--- START ---
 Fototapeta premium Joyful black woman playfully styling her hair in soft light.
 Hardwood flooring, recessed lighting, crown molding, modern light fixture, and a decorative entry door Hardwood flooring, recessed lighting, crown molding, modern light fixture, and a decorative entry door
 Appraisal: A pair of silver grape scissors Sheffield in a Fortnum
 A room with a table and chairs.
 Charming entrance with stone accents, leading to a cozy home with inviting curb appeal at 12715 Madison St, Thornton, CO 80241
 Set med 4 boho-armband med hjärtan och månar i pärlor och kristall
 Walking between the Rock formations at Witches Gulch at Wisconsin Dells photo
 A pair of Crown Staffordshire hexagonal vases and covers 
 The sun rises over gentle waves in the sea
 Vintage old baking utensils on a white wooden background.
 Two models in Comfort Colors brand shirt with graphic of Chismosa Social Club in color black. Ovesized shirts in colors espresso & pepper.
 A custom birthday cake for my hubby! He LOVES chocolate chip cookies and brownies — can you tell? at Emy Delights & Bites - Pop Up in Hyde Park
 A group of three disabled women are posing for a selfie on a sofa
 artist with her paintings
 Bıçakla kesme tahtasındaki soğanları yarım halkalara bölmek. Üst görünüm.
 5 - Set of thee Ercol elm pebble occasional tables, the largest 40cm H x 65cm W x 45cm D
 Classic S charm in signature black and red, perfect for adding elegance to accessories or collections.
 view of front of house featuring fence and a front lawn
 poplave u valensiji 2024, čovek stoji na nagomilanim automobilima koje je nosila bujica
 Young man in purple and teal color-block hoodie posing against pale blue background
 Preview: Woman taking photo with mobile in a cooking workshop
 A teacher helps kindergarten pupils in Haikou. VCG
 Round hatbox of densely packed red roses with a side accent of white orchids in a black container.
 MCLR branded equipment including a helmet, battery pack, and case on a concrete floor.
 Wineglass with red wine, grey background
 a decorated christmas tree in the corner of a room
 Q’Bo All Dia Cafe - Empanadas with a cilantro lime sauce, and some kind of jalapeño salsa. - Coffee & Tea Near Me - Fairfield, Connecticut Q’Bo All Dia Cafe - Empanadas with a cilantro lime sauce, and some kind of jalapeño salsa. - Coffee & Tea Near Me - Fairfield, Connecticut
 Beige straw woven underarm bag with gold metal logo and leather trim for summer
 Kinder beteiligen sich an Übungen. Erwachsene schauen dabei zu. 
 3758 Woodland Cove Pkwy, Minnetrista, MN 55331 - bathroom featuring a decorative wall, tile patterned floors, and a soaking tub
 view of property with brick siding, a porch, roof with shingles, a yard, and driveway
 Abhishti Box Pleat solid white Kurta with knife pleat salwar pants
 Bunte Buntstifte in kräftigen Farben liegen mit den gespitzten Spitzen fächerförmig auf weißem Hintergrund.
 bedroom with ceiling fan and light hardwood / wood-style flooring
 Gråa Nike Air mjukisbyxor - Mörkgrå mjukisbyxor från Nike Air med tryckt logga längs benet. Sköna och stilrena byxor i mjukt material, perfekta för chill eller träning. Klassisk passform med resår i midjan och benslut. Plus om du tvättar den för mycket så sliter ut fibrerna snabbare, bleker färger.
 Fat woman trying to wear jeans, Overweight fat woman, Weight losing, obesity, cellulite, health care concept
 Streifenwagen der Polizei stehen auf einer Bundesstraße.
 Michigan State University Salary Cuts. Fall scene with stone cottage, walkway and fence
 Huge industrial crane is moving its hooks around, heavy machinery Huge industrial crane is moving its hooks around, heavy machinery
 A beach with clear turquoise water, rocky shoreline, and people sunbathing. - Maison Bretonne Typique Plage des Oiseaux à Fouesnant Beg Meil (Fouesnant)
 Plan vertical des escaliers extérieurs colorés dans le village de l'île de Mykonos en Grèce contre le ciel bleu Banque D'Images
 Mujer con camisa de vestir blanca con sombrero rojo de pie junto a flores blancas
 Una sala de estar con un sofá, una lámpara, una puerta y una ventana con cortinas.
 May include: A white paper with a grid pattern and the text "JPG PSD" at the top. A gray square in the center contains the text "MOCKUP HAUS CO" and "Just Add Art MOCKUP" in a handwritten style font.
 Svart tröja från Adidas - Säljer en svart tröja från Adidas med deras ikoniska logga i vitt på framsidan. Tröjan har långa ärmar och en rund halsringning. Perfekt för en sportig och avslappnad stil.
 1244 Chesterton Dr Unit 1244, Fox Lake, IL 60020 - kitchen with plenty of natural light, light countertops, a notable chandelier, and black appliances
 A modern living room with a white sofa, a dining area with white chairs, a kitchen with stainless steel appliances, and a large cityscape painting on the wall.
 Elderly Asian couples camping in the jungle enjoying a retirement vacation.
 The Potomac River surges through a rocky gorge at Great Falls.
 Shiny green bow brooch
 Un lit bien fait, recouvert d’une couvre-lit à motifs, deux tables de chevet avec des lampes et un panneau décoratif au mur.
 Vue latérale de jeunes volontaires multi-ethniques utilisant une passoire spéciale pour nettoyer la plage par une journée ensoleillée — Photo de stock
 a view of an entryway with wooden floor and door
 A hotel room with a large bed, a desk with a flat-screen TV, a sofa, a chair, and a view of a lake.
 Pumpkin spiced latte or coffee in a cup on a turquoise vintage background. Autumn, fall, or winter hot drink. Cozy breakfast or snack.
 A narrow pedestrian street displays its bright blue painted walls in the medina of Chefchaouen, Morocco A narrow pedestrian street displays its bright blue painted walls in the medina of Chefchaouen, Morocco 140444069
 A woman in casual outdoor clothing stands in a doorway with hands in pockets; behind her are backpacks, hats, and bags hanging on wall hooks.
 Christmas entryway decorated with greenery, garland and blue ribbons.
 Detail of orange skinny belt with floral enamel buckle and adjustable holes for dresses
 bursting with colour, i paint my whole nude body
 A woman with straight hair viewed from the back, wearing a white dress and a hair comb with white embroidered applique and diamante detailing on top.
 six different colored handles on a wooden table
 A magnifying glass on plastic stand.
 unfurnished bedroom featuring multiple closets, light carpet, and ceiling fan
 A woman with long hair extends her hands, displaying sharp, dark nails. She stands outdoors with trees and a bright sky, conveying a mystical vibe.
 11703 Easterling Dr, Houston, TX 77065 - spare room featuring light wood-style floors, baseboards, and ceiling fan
--- END ---
### What is required
The entries above are to be copied word for word.

### Answer below
 Fototapeta premium Joyful black woman playfully styling her hair in soft light.
 Hardwood flooring, recessed lighting, crown molding, modern light fixture, and a decorative entry door Hardwood flooring, recessed lighting, crown molding, modern light fixture, and a decorative entry door
 Appraisal: A pair of silver grape scissors Sheffield in a Fortnum
 A room with a table and chairs.
 Charming entrance with stone accents, leading to a cozy home with inviting curb appeal at 12715 Madison St, Thornton, CO 80241
 Set med 4 boho-armband med hjärtan och månar i pärlor och kristall
 Walking between the Rock formations at Witches Gulch at Wisconsin Dells photo
 A pair of Crown Staffordshire hexagonal vases and covers 
 The sun rises over gentle waves in the sea
 Vintage old baking utensils on a white wooden background.
 Two models in Comfort Colors brand shirt with graphic of Chismosa Social Club in color black. Ovesized shirts in colors espresso & pepper.
 A custom birthday cake for my hubby! He LOVES chocolate chip cookies and brownies — can you tell? at Emy Delights & Bites - Pop Up in Hyde Park
 A group of three disabled women are posing for a selfie on a sofa
 artist with her paintings
 Bıçakla kesme tahtasındaki soğanları yarım halkalara bölmek. Üst görünüm.
 5 - Set of thee Ercol elm pebble occasional tables, the largest 40cm H x 65cm W x 45cm D
 Classic S charm in signature black and red, perfect for adding elegance to accessories or collections.
 view of front of house featuring fence and a front lawn
 poplave u valensiji 2024, čovek stoji na nagomilanim automobilima koje je nosila bujica
 Young man in purple and teal color-block hoodie posing against pale blue background
 Preview: Woman taking photo with mobile in a cooking workshop
 A teacher helps kindergarten pupils in Haikou. VCG
 Round hatbox of densely packed red roses with a side accent of white orchids in a black container.
 MCLR branded equipment including a helmet, battery pack, and case on a concrete floor.
 Wineglass with red wine, grey background
 a decorated christmas tree in the corner of a room
 Q’Bo All Dia Cafe - Empanadas with a cilantro lime sauce, and some kind of jalapeño salsa. - Coffee & Tea Near Me - Fairfield, Connecticut Q’Bo All Dia Cafe - Empanadas with a cilantro lime sauce, and some kind of jalapeño salsa. - Coffee & Tea Near Me - Fairfield, Connecticut
 Beige straw woven underarm bag with gold metal logo and leather trim for summer
 Kinder beteiligen sich an Übungen. Erwachsene schauen dabei zu. 
 3758 Woodland Cove Pkwy, Minnetrista, MN 55331 - bathroom featuring a decorative wall, tile patterned floors, and a soaking tub
 view of property with brick siding, a porch, roof with shingles, a yard, and driveway
 Abhishti Box Pleat solid white Kurta with knife pleat salwar pants
 Bunte Buntstifte in kräftigen Farben liegen mit den gespitzten Spitzen fächerförmig auf weißem Hintergrund.
 bedroom with ceiling fan and light hardwood / wood-style flooring
 Gråa Nike Air mjukisbyxor - Mörkgrå mjukisbyxor från Nike Air med tryckt logga längs benet. Sköna och stilrena byxor i mjukt material, perfekta för chill eller träning. Klassisk passform med resår i midjan och benslut. Plus om du tvättar den för mycket så sliter ut fibrerna snabbare, bleker färger.
 Fat woman trying to wear jeans, Overweight fat woman, Weight losing, obesity, cellulite, health care concept
 Streifenwagen der Polizei stehen auf einer Bundesstraße.
 Michigan State University Salary Cuts. Fall scene with stone cottage, walkway and fence
 Huge industrial crane is moving its hooks around, heavy machinery Huge industrial crane is moving its hooks around, heavy machinery
 A beach with clear turquoise water, rocky shoreline, and people sunbathing. - Maison Bretonne Typique Plage des Oiseaux à Fouesnant Beg Meil (Fouesnant)
 Plan vertical des escaliers extérieurs colorés dans le village de l'île de Mykonos en Grèce contre le ciel bleu Banque D'Images
 Mujer con camisa de vestir blanca con sombrero rojo de pie junto a flores blancas
 Una sala de estar con un sofá, una lámpara, una puerta y una ventana con cortinas.
 May include: A white paper with a grid pattern and the text "JPG PSD" at the top. A gray square in the center contains the text "MOCKUP HAUS CO" and "Just Add Art MOCKUP" in a handwritten style font.
 Svart tröja från Adidas - Säljer en svart tröja från Adidas med deras ikoniska logga i vitt på framsidan. Tröjan har långa ärmar och en rund halsringning. Perfekt för en sportig och avslappnad stil.
 1244 Chesterton Dr Unit 1244, Fox Lake, IL 60020 - kitchen with plenty of natural light, light countertops, a notable chandelier, and black appliances
 A modern living room with a white sofa, a dining area with white chairs, a kitchen with stainless steel appliances, and a large cityscape painting on the wall.
 Elderly Asian couples camping in the jungle enjoying a retirement vacation.
 The Potomac River surges through a rocky gorge at Great Falls.
 Shiny green bow brooch
 Un lit bien fait, recouvert d’une couvre-lit à motifs, deux tables de chevet avec des lampes et un panneau décoratif au mur.
 Vue latérale de jeunes volontaires multi-ethniques utilisant une passoire spéciale pour nettoyer la plage par une journée ensoleillée — Photo de stock
 a view of an entryway with wooden floor and door
 A hotel room with a large bed, a desk with a flat-screen TV, a sofa, a chair, and a view of a lake.
 Pumpkin spiced latte or coffee in a cup on a turquoise vintage background. Autumn, fall, or winter hot drink. Cozy breakfast or snack.
 A narrow pedestrian street displays its bright blue painted walls in the medina of Chefchaouen, Morocco A narrow pedestrian street displays its bright blue painted walls in the medina of Chefchaouen, Morocco 140444069
 A woman in casual outdoor clothing stands in a doorway with hands in pockets; behind her are backpacks, hats, and bags hanging on wall hooks.
 Christmas entryway decorated with greenery, garland and blue ribbons.
 Detail of orange skinny belt with floral enamel buckle and adjustable holes for dresses
 bursting with colour, i paint my whole nude body
 A woman with straight hair viewed from the back, wearing a white dress and a hair comb with white embroidered applique and diamante detailing on top.
 six different colored handles on a wooden table
 A magnifying glass on plastic stand.
 unfurnished bedroom featuring multiple closets, light carpet, and ceiling fan
 A woman with long hair extends her hands, displaying sharp, dark nails. She stands outdoors with trees and a bright sky, conveying a mystical vibe.
 11703 Easterling Dr, Houston, TX 77065 - spare room featuring light wood-style floors, baseboards, and ceiling fan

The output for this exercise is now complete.